The Fourth Trimester: Optimizing Postpartum Care What New Moms Need to Know

As a practicing obstetrician and brand new first-time mommy, the importance of comprehensive postpartum care could not seem more pertinent. Oftentimes women and their caregivers are so focused on their beloved new babies, that the care of the new mother may be somewhat overlooked. There are so many physical, social, and psychological changes that occur in the weeks following childbirth that it is essential to establish a postpartum care plan before the baby is even born.  The American College of Obstetricians and Gynecologists recommends a strategy of "anticipatory guidance" in the prenatal period to optimize care of the woman postpartum. It is further recommended that all women undergo a comprehensive postpartum follow-up visit with a maternal care provider within 4-6 weeks after giving birth, with earlier follow up recommended for women with certain high-risk complications such as high blood pressure, depression, or other medical concerns.

What can new mothers expect at their postpartum follow up appointment?

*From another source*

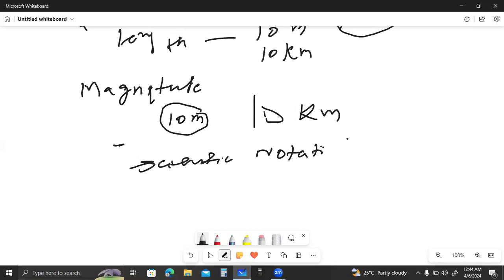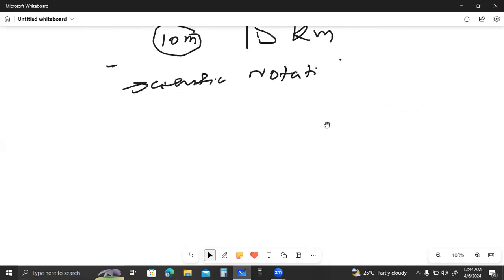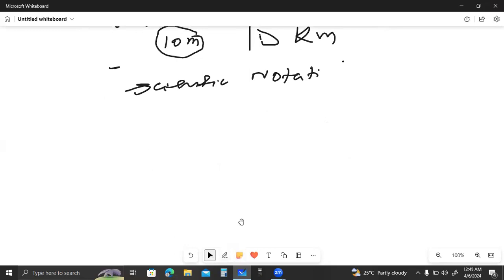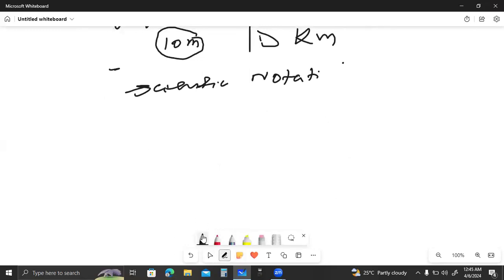If a quantity is large, we represent it by scientific notation. For example, if the magnitude of a quantity is something like 10,100,500,000 with many zeros, this is a large quantity. When we write a large quantity, we use scientific notation — we write quantities using a standard form.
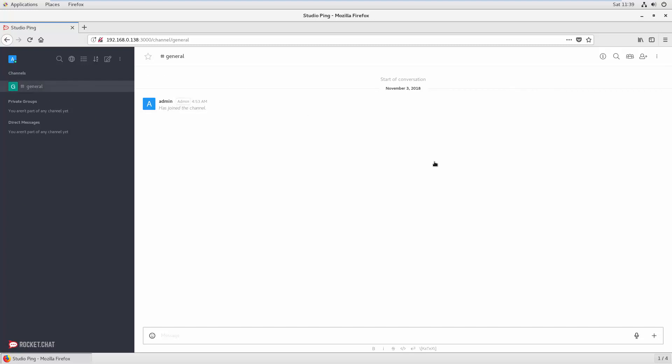In my next video we will see how we can create new users inside Rocket Chat and we'll go in more detail inside each admin function. I will see you in my next video.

A postpartum follow-up check should include a global assessment of maternal well-being. This should include an assessment of the mother's physical recovery from childbirth, which may require a pelvic exam if the mother experienced a bad perineal tear at the time of delivery, an evaluation of the abdominal incision for women who required a cesarean section, and assessment of any ongoing pain symptoms or other maternal concerns.

Any pregnancy complications should be addressed at the postpartum visit with respect to implications for future pregnancies and requirements for ongoing medical care. For example, women who were diagnosed with gestational diabetes need to be scheduled for a 2-hour glucose tolerance test to exclude persistent diabetes outside of the pregnancy. Additionally, women with gestational diabetes and pregnancy-associated hypertension should be counseled that they are at a higher lifetime risk of metabolic and cardiovascular disease.

Obstetric providers should inquire about newborn feeding habits and sleep patterns, and address any concerns or challenges associated with breastfeeding. This may include management of problems such as breast engorgement, mastitis, breast abscesses, clogged ducts, or decreased milk supply. Patients should be directed to resources for lactation support and should be counseled on plans for breast milk expression and storage if she plans to return to work.

The postpartum visit should include a discussion of family planning and optimal timing of future pregnancies. Oftentimes couples are unaware that the ideal interval between delivery and subsequent pregnancy is 18 months to 5 years. This recommendation is made to reduce the risks of preterm birth and low birth weight babies associated with short-interval pregnancies. Mothers should also expect a discussion of postpartum weight loss strategies, nutrition, and advice on when it is safe to return to physical activity and sexual intercourse.

Many women suffer from ongoing issues with urinary incontinence, pelvic discomfort, and sexual dysfunction after childbirth. Women with signs of pelvic floor weakness or instability may benefit from referral to a physical therapist who specializes in pelvic rehabilitation. While women are often familiar with the famed “Kegel exercises”, pelvic physical therapists have a wide range of activities that can help to strengthen and stabilize the muscles of the pelvic floor. They can also help with core strengthening and management of rectus diastasis (that pesky belly bulge which results from abnormal separation of the abdominal muscles after pregnancy). For women with vaginal dryness symptoms contributing to painful intercourse, a common complaint amongst nursing mothers, there are also various lubricants and creams available to help manage these symptoms. New mothers often feel embarrassed and do not bring these concerns to their provider’s attention, however, women should be encouraged to speak with their obstetric providers about these issues as they are generally treatable.

It is also critically important that new mothers be evaluated for any signs of postpartum blues or postpartum depression, as mood disturbances in the postpartum period are extremely common. According to the National Institute of Mental Health, "baby blues" can affect up to 80% of women, with postpartum depression affecting as many as 1 in 7 women. Women who experience "baby blues" typically have relatively mild symptoms of worry, unhappiness, and fatigue that typically persist for a week or two and they resolve on their own. Given the demands of caring for a newborn, sleep deprivation, and the hormonal changes of the postpartum period, it is not surprising that new mothers may have such an emotional adjustment period. With postpartum depression, however, feelings of sadness and anxiety tend to be more extreme. When these symptoms become so severe that they are interfering with a woman's ability to care for herself or her family it often requires treatment with either counseling and/or medication. Family members, friends, and loved ones may be the first to recognize these symptoms and should encourage new mothers to speak with their healthcare providers.

Lastly, it is essential for the obstetric provider to determine who will assume responsibility for the patient's continued medical care following the postpartum visit. Good communication between providers is necessary to ensure a smooth transition of care, and a referral to a primary care provider may be warranted.